Dataset excerpts:
•••

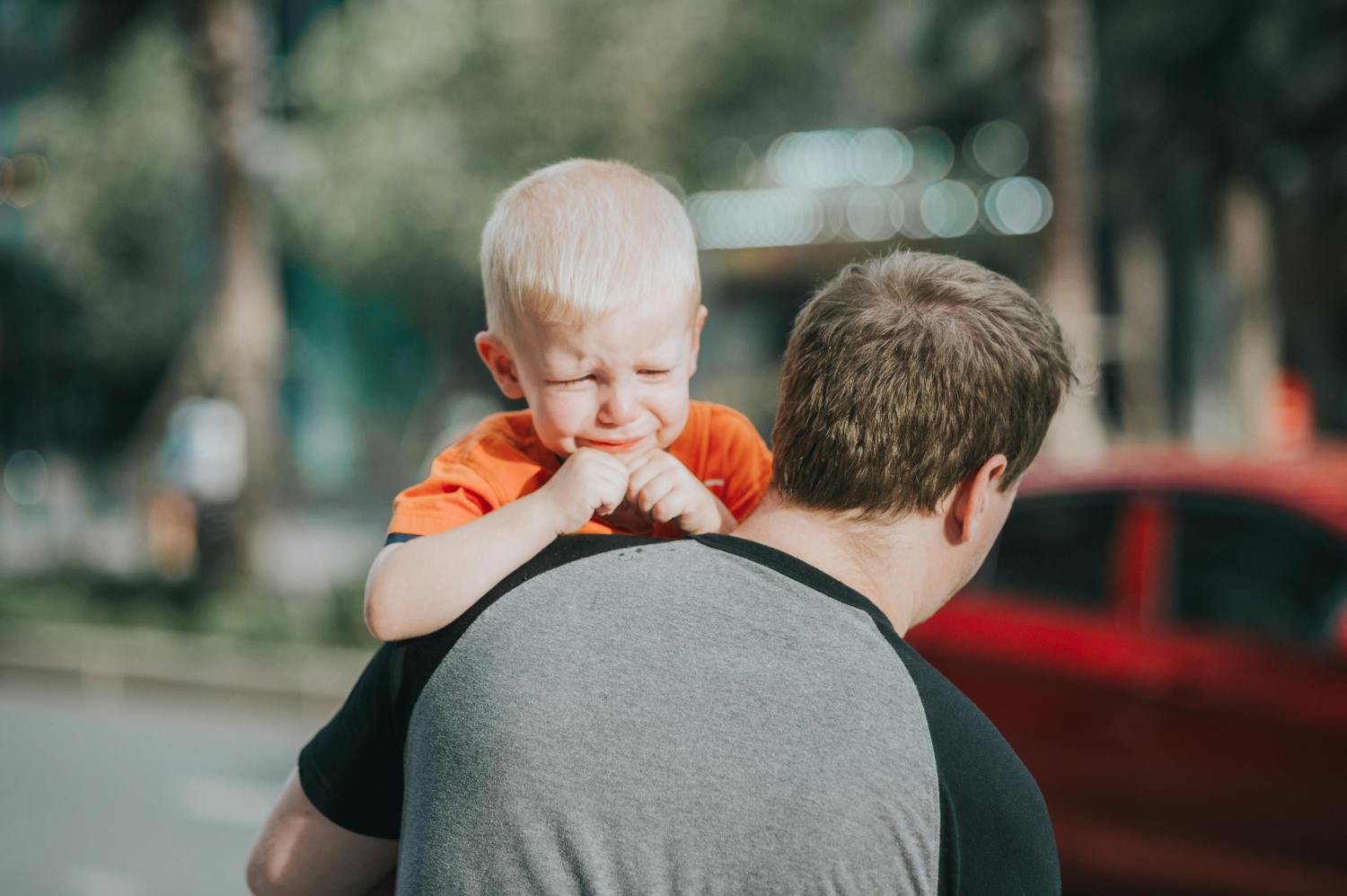 A man, seen from the back, carries a crying young boy with blond hair on his shoulders. The boy, wearing an orange t-shirt, has his eyes tightly closed and his face scrunched in distress. They are outdoors with a blurred background of trees and a red car.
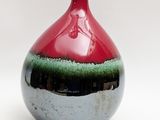 a red and green vase sitting on a white surface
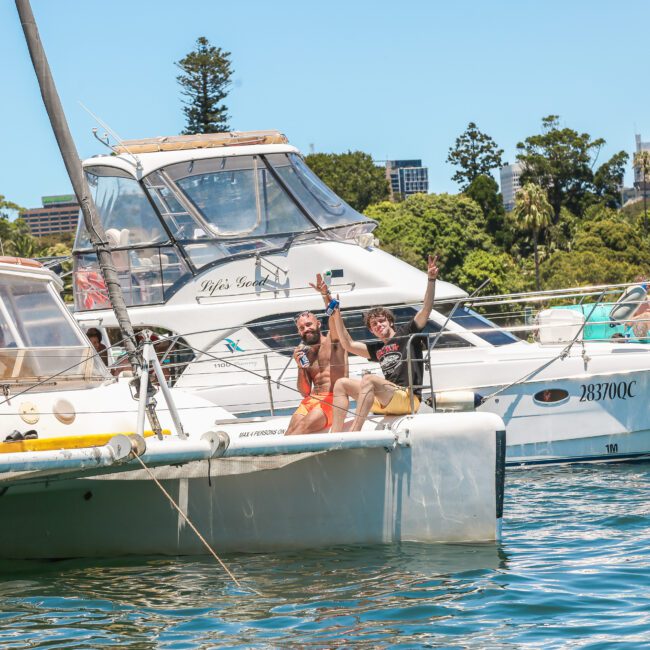 A group of people on a sailboat and nearby yachts are enjoying a sunny day on the water. The city skyline is visible in the background. Two individuals on the sailboat are raising drinks and smiling at the camera.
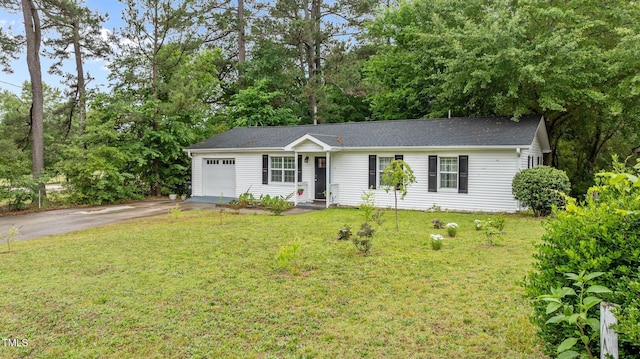 3803 Jonesville Rd, Wake Forest, NC 27587 - ranch-style house featuring asphalt driveway, an attached garage, a front yard, and view of scattered trees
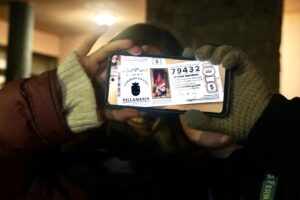 Dos personas sosteniendo un teléfono mostrando un boleto de lotería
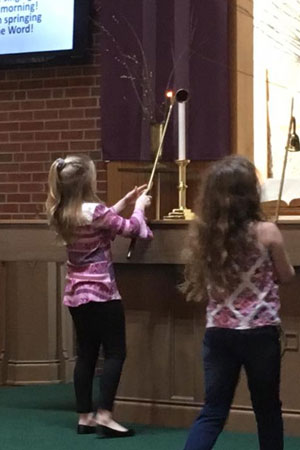 Two girls lighting the candles.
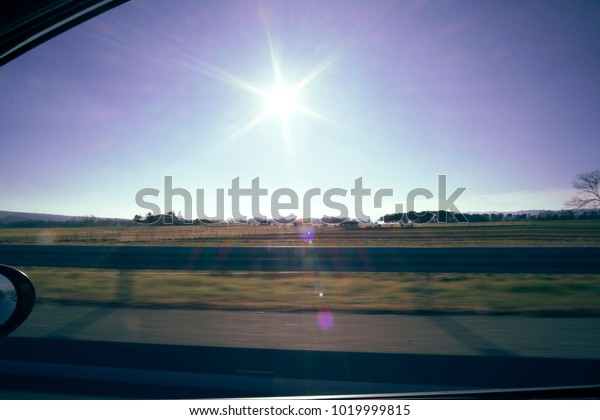 Sun flare on a\
window car view landscape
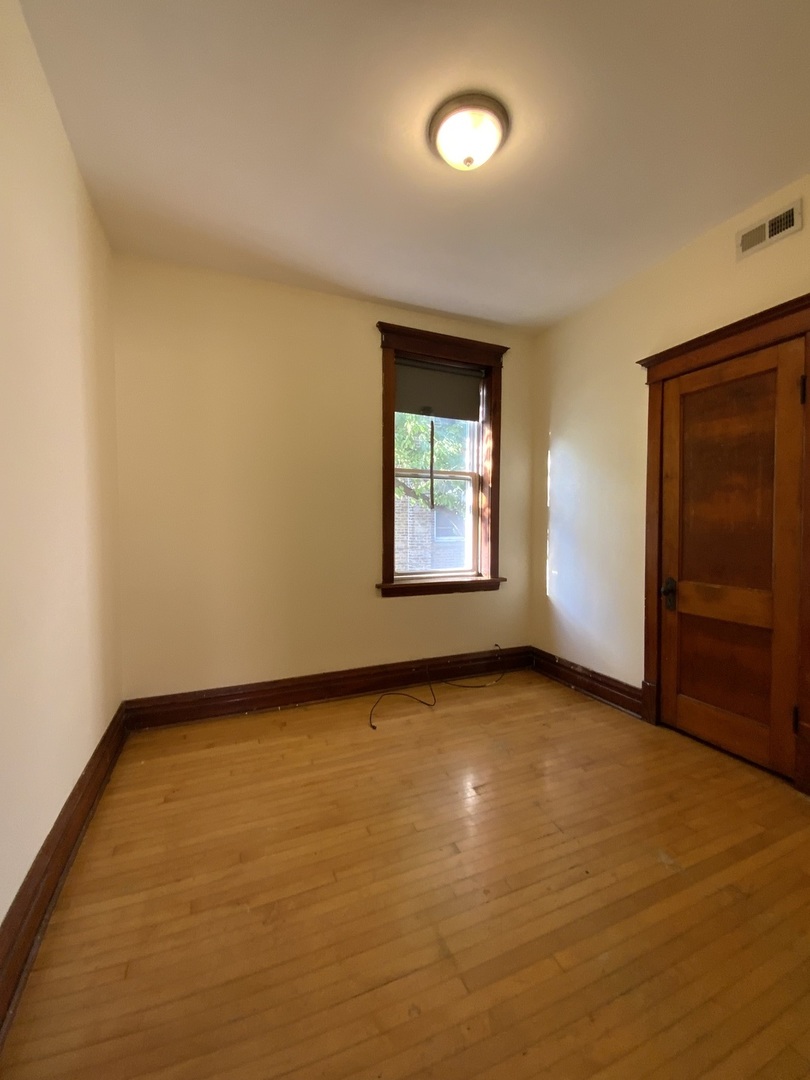3116 North Elston Avenue, Unit 1 Chicago, IL 60618 - Photo 9 of 16 an empty room with windows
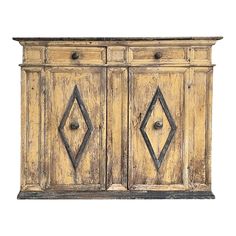 an old wooden sideboard with two doors and diamond designs on the front, isolated against a white background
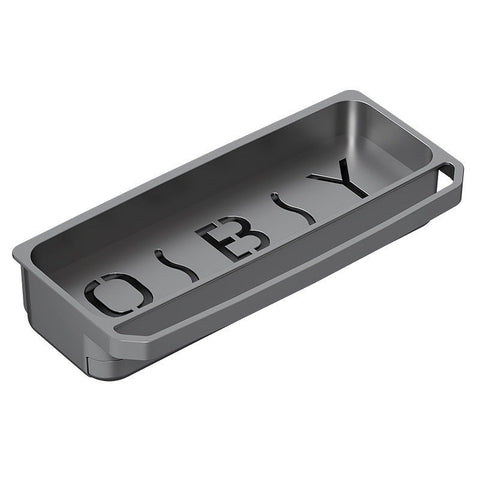 Close-up of an empty dark gray kitchen sink organizer tray with cut-out lettering in the base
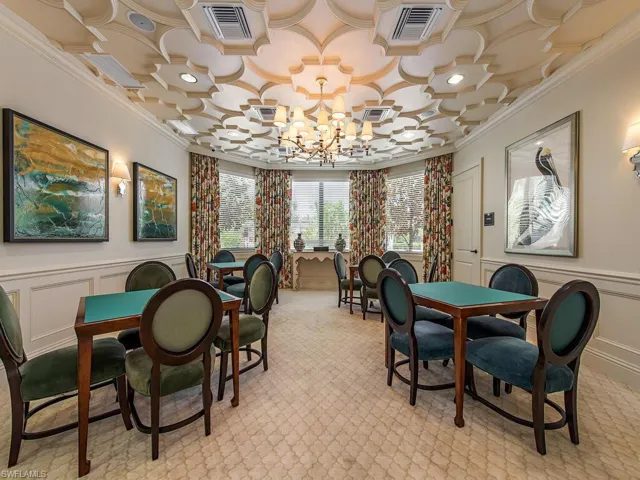 Dining area with a decorative wall, wainscoting, crown molding, carpet floors, and a chandelier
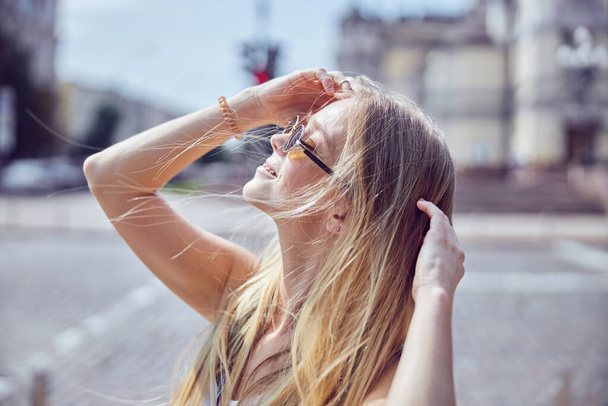 Foto cerrada de una guapa pelirroja con gafas de sol que cierra los ojos y se toca la cabeza  - Foto, Imagen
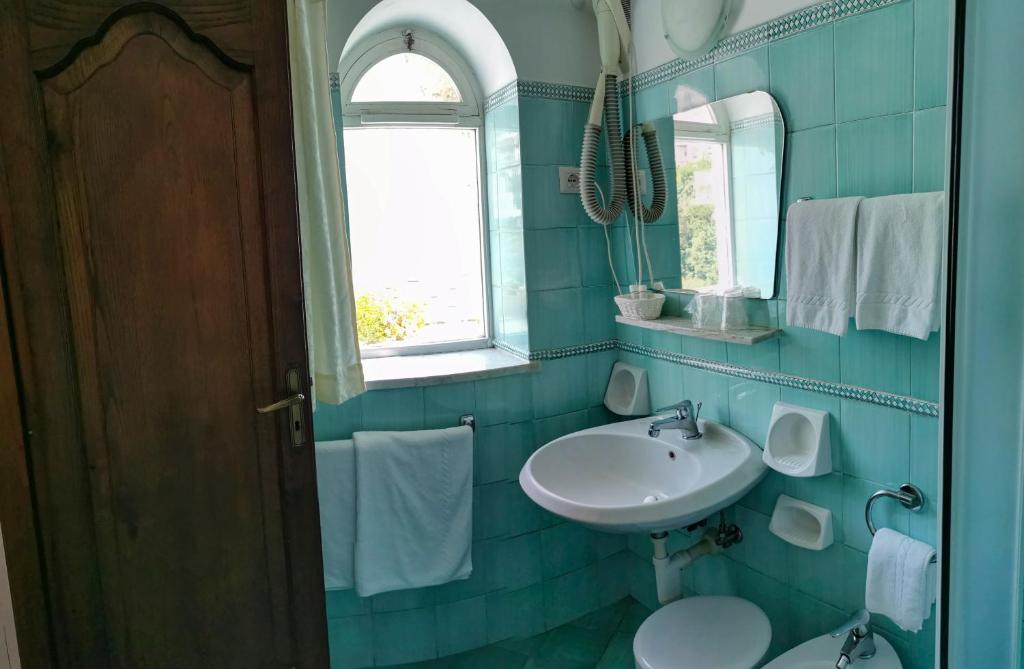 Koupelna v ubytování Hotel Dimora Fornillo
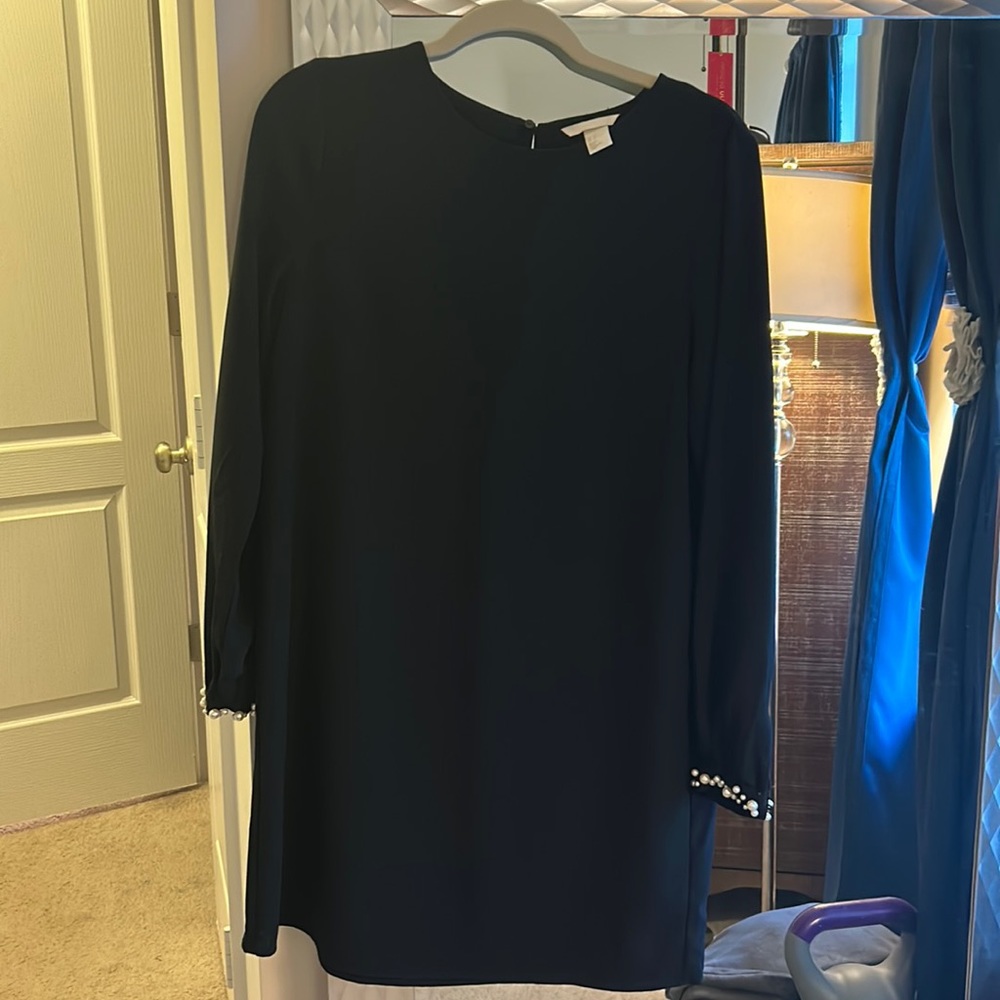Black dress with pearl accent.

•••

TASK PROMPT: The response consists of the data above printed line for line, with no pictures.

ANSWER TO THE EXERCISE:
 A man, seen from the back, carries a crying young boy with blond hair on his shoulders. The boy, wearing an orange t-shirt, has his eyes tightly closed and his face scrunched in distress. They are outdoors with a blurred background of trees and a red car.
 a red and green vase sitting on a white surface
 A group of people on a sailboat and nearby yachts are enjoying a sunny day on the water. The city skyline is visible in the background. Two individuals on the sailboat are raising drinks and smiling at the camera.
 3803 Jonesville Rd, Wake Forest, NC 27587 - ranch-style house featuring asphalt driveway, an attached garage, a front yard, and view of scattered trees
 Dos personas sosteniendo un teléfono mostrando un boleto de lotería
 Two girls lighting the candles.
 Sun flare on a\
window car view landscape
3116 North Elston Avenue, Unit 1 Chicago, IL 60618 - Photo 9 of 16 an empty room with windows
 an old wooden sideboard with two doors and diamond designs on the front, isolated against a white background
 Close-up of an empty dark gray kitchen sink organizer tray with cut-out lettering in the base
 Dining area with a decorative wall, wainscoting, crown molding, carpet floors, and a chandelier
 Foto cerrada de una guapa pelirroja con gafas de sol que cierra los ojos y se toca la cabeza  - Foto, Imagen
 Koupelna v ubytování Hotel Dimora Fornillo
Black dress with pearl accent.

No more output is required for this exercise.